====== AVAILABLE DATA
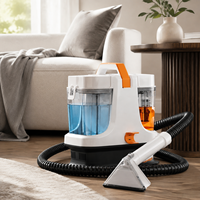 Machine d'extraction de tissus d'ameublement professionnelle portable, moteur 500W, solution de nettoyage en profondeur pour tapis et canapé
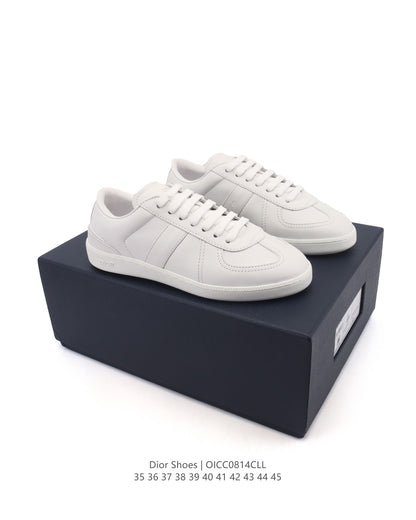 Dior Unisex White Platform Sneakers – Spring/Summer Collection – 25SS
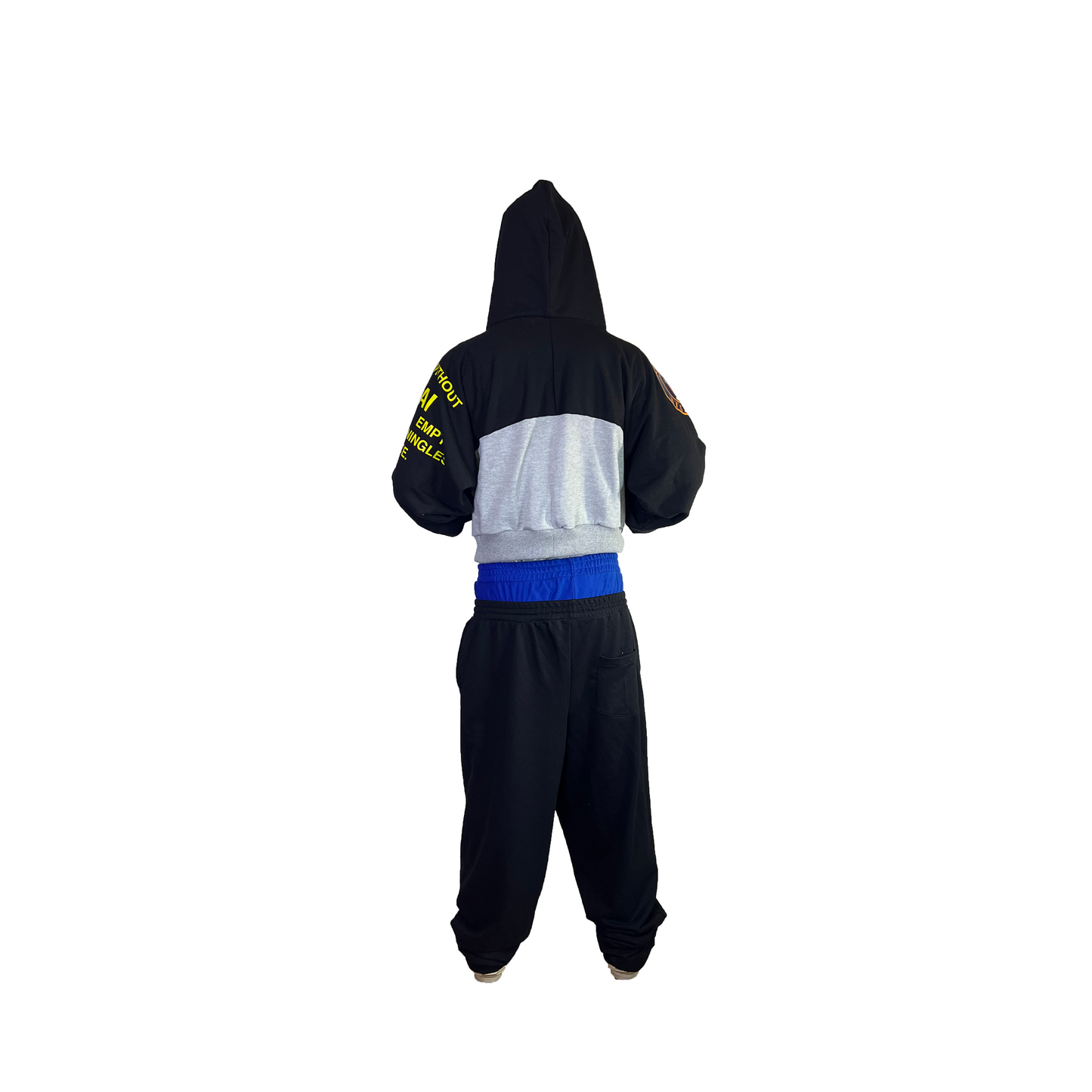 DROP X PANTALÓN DE BUZO 3 CAPAS - NEGRO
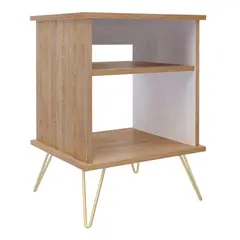 JUST HOME COLLECTION - Mesa Auxiliar Sabba 59x43x40cm Miel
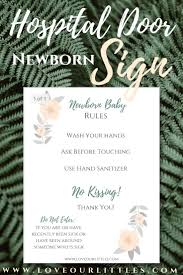 Free Newborn Rules Sign Hospital Door Sign Baby Signs Diy Baby Stuff Newborn Baby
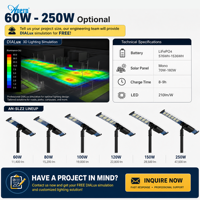 Lampu Jalan Tenaga Surya Anern 80W All in One IP66 Tahan Air Berbahan Aluminium Alloy untuk Proyek Penerangan Jalan Pedesaan dan Jalur Komunitas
============
• TASK STATEMENT: Without the pictures, extract every entry verbatim.

• OUTPUT FOR THIS EXERCISE:
 Machine d'extraction de tissus d'ameublement professionnelle portable, moteur 500W, solution de nettoyage en profondeur pour tapis et canapé
 Dior Unisex White Platform Sneakers – Spring/Summer Collection – 25SS
 DROP X PANTALÓN DE BUZO 3 CAPAS - NEGRO
 JUST HOME COLLECTION - Mesa Auxiliar Sabba 59x43x40cm Miel
 Free Newborn Rules Sign Hospital Door Sign Baby Signs Diy Baby Stuff Newborn Baby
 Lampu Jalan Tenaga Surya Anern 80W All in One IP66 Tahan Air Berbahan Aluminium Alloy untuk Proyek Penerangan Jalan Pedesaan dan Jalur Komunitas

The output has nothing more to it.